» TASK OBJECTIVE
Only the opening lines of the listing, through the one with "p90 Miu Miu珍珠耳钉", are to be retyped, each exactly as it stands.

|---|

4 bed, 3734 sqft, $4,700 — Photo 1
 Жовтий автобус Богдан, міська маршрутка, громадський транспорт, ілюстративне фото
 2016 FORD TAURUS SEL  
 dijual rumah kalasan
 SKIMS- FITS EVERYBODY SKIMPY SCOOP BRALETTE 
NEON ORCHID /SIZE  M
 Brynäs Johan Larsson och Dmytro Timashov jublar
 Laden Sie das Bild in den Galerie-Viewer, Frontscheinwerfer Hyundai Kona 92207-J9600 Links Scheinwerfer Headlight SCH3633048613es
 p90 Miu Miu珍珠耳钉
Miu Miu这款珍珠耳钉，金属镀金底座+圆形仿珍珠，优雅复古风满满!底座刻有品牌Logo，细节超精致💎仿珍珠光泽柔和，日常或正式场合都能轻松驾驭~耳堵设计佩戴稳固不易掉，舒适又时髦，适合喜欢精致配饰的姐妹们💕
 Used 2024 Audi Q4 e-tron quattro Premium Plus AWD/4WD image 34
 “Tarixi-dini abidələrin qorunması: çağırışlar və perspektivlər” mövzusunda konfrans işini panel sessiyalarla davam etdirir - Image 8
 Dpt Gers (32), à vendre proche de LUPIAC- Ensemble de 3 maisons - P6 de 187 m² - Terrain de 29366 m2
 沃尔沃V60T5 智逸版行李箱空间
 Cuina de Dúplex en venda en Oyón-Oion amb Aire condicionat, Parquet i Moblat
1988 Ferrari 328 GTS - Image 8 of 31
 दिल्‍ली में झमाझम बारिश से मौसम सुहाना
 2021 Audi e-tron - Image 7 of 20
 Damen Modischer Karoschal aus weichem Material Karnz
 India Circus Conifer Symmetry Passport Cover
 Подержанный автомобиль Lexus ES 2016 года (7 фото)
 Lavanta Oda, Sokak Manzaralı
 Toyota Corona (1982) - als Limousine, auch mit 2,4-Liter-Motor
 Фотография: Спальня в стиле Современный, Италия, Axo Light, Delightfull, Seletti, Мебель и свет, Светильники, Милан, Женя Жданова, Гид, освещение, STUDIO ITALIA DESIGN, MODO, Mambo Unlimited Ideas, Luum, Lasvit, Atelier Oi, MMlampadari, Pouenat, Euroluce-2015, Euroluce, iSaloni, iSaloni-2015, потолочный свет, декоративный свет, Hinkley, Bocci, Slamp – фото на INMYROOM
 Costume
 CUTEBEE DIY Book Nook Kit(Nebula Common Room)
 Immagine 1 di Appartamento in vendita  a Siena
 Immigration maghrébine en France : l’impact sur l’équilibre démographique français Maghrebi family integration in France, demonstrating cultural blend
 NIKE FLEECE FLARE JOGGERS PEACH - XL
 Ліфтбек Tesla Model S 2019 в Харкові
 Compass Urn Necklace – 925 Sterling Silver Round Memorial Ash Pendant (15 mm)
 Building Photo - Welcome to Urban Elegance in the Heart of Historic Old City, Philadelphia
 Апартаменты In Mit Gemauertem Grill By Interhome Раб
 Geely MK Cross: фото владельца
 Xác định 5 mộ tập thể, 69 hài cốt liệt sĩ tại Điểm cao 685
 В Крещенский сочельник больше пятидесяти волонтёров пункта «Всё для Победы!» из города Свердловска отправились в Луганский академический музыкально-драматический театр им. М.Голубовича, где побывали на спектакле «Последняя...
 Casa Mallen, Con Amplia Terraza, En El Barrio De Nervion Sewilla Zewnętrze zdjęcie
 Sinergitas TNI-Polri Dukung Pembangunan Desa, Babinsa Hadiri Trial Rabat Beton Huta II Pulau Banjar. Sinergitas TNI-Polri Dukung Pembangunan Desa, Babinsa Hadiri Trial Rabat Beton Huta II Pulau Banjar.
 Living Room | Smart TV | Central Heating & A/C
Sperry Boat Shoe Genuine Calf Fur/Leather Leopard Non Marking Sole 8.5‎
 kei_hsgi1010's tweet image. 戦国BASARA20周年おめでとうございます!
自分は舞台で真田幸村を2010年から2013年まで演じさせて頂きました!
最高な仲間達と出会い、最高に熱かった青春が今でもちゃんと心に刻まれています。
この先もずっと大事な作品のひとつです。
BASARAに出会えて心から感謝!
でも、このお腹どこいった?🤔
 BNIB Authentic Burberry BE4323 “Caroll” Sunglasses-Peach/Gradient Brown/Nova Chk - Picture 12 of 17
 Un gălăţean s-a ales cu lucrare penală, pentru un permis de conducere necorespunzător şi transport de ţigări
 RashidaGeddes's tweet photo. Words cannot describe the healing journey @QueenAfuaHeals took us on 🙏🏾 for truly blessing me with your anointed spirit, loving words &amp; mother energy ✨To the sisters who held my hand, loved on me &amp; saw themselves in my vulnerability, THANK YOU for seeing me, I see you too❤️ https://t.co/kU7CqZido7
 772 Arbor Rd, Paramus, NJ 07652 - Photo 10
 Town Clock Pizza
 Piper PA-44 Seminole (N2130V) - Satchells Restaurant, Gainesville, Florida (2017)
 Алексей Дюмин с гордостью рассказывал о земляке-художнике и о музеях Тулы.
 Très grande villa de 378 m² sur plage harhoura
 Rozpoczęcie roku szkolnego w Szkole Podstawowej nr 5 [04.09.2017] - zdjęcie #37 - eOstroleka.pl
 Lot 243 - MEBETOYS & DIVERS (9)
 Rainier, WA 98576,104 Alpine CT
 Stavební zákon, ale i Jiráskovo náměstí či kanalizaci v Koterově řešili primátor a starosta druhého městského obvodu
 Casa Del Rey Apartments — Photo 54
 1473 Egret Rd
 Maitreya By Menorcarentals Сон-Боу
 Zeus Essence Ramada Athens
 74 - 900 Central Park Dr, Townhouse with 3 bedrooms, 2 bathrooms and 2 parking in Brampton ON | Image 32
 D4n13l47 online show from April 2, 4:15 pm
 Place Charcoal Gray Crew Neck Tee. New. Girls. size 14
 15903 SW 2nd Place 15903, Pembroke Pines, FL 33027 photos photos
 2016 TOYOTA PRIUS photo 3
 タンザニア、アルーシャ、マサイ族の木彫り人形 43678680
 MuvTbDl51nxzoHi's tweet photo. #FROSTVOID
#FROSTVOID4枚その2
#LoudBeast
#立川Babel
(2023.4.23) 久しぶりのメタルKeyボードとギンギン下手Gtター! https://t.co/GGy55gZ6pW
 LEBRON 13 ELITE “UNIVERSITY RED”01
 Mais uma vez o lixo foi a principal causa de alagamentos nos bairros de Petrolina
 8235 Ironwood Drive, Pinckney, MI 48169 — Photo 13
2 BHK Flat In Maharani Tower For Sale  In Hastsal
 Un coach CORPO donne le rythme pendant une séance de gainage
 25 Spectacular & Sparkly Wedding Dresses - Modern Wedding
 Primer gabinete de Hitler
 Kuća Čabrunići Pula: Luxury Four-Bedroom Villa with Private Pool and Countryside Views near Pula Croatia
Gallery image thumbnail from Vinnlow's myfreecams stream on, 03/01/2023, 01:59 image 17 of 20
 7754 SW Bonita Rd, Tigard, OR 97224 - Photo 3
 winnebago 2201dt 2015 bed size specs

|---|

» SOLUTION TO THE PROBLEM
4 bed, 3734 sqft, $4,700 — Photo 1
 Жовтий автобус Богдан, міська маршрутка, громадський транспорт, ілюстративне фото
 2016 FORD TAURUS SEL  
 dijual rumah kalasan
 SKIMS- FITS EVERYBODY SKIMPY SCOOP BRALETTE 
NEON ORCHID /SIZE  M
 Brynäs Johan Larsson och Dmytro Timashov jublar
 Laden Sie das Bild in den Galerie-Viewer, Frontscheinwerfer Hyundai Kona 92207-J9600 Links Scheinwerfer Headlight SCH3633048613es
 p90 Miu Miu珍珠耳钉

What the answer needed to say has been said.